Member of the Connecticut House of Representatives from the 149th district
- Incumbent
- Assumed office January 8, 2025
- Preceded by: Rachel Khanna

Personal details
- Born: Katherine Ann Courpas July 4, 1966 (age 60) Baltimore, Maryland, U.S.
- Party: Republican
- Spouse: Kamil Marc Salame ​ ​(m. 1999, divorced)​
- Education: Princeton University (AB) Columbia University (JD)

= Tina Courpas =

American politician (born 1966)

Katherine Ann "Tina" Courpas (/fr/, approximately koor-PAH; born July 4, 1966) is an American attorney and politician who currently serves as a member of the Connecticut House of Representatives for the 149th district, encompassing parts of Greenwich and Stamford, for the Republican Party. On November 6, 2024, Courpas defeated Democratic incumbent Rachel Khanna, also of Greenwich.

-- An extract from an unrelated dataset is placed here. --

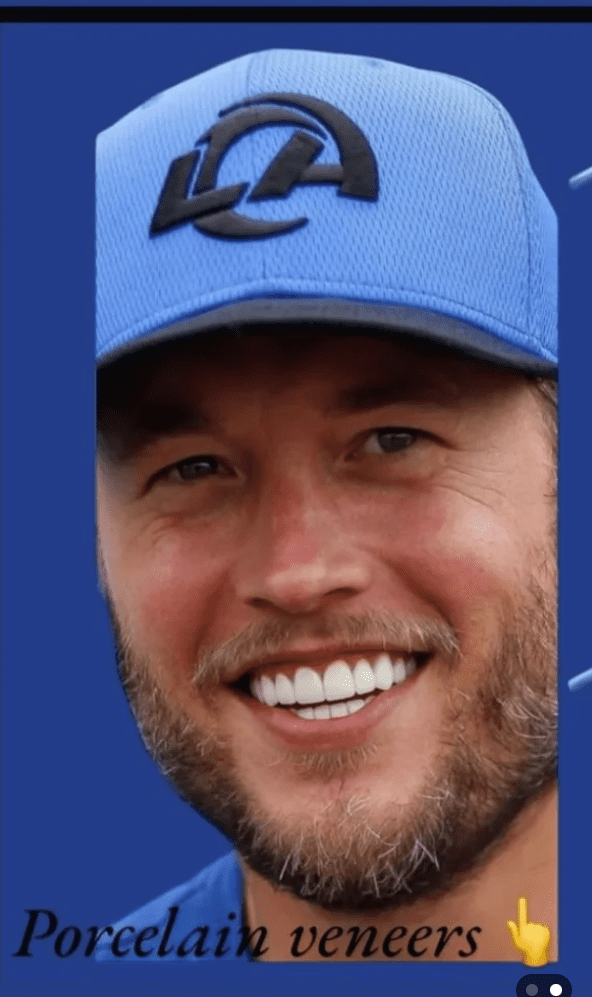 Matthew Stafford Veneers Before and After: Who’s Really to Blame? 4 Matthew Stafford wearing a blue Rams cap, showing a close-up of his porcelain veneers.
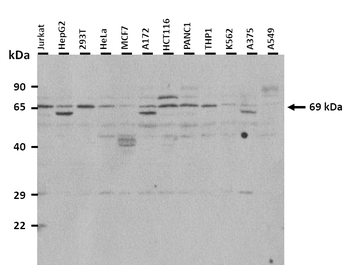 DLAT Rabbit Polyclonal Antibody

== Early life and education ==
Courpas was born July 4, 1966 in Baltimore, Maryland to Anthony Stamatios Courpas and Corinne Z. Courpas (née Zoides), Greek physicians who immigrated to the U.S. in 1959. She has an older sister.

She graduated magna cum laude from Princeton University in 1988. Courpas received a Juris Doctor degree from Columbia University in 1994, where she was a Harlan Fiske Stone Scholar.

== Career ==
Before entering politics, Courpas worked on Wall Street for over 20 years. She began her career at Goldman, Sachs & Co. She later practiced law at Kirkland & Ellis before returning to investment banking where she raised capital for private equity funds, including at Credit Suisse Private Fund Group. From Wall Street, Courpas went on to become the executive director of two non-profits.

In 2018, Courpas became the executive director of the Permanent Commission on the Status of Women in Connecticut, a bipartisan political non-profit. During her time as executive director, she helped advocate for legislation protecting Connecticut girls and women. In 2022, Courpas was chosen to be the executive director of The Hellenic Initiative, an apolitical, philanthropic organization which unites the global Greek Diaspora in support of Greece.

== Politics ==
In February 2024, Courpas filed for candidacy. Courpas was unanimously nominated by Republican delegates from Greenwich and Stamford on May 16, 2024, as the Republican candidate for the 149th District. In November 2024, Courpas defeated one term Democratic incumbent Rachel Khanna.

== Personal life ==
On September 25, 1999, Courpas married Kamil Marc Salame, then a vice president at Donaldson, Lufkin & Jenrette, of Danbury, Connecticut, whom she later divorced. They have four children.

Courpas resides in Greenwich, Connecticut.